Pour ce faire, le discours interne doit être formulé positivement, à la première personne (je), il doit souligner les points forts et être axé sur la recherche de solutions. Les freins à un bon discours interne sont les pensées parasites et le stress.
Le surentraînement se définit par un sentiment d’accomplissement réduit, un épuisement physique et des sentiments négatifs envers le sport (Isoard-Gautheur & al., 2018).
Certains signes précoces font référence au surentraînement et détectés assez tôt, il est beaucoup plus simple d’y faire face.
Il est donc essentiel de comprendre les interactions de l’athlète avec son environnement et ses stratégies de coping et de récupération (van des Pluijm, 2021).
Le surentraînement apparaît lorsqu’il y a un déséquilibre entre l’entraînement et la récupération.
Il n’est pas nécessaire de baisser la quantité et le niveau d’entraînement, il suffit parfois d’augmenter les phases de récupération.
a fatigue peut être ressentie au niveau mental, psychologique et physique.
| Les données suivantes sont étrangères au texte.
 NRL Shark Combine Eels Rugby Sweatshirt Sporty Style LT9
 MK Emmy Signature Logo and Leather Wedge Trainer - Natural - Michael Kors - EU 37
Pour y faire face, chaque athlète devrait planifier des phases de récupération active et passive.
Lorsque l’on interroge des adolescents, 80% se disent fatigués psychiquement (guide pratique sur la santé des adolescents). L’adolescence est une phase de construction identitaire qui demande de l’énergie psychique et pour l’adolescent sportif, son identité est parfois presque exclusivement construite sur sa pratique sportive, ce qui constitue un danger lors de blessures et d’arrêt de la carrière.
Les entraîneurs et les parents jouent un rôle essentiel pour rendre cette phase sereine et ne pas ajouter des contraintes et du stress. Selon Wenger et al., 2022, une fatigue persistante de plus de deux semaines doit alerter les parents et les entraîneurs et des stratégies de récupération doivent être mises en place.
Les athlètes en âge scolaire sont confrontés à la nécessité de concilier le sport de compétition et leurs études. La recherche montre qu’il est bénéfique de combiner le sport et les études, mais cela représente également un défi. La vie est considérée comme un voyage à travers des nombreux paysages et nous voyageons rarement seuls (Stambulova & Harwood, 2022). Les parents, les frères et sœurs, les enseignants, les entraîneurs, les coéquipiers ont des attentes et apportent un soutien.
Avantages de la double-carrière :
- Mieux s’adapter et éprouver moins de difficultés à trouver sa place dans la société.
- Le passage d’une activité principalement mentale (les études) à une activité principalement physique (le sport) est une forme de récupération de l’autre activité.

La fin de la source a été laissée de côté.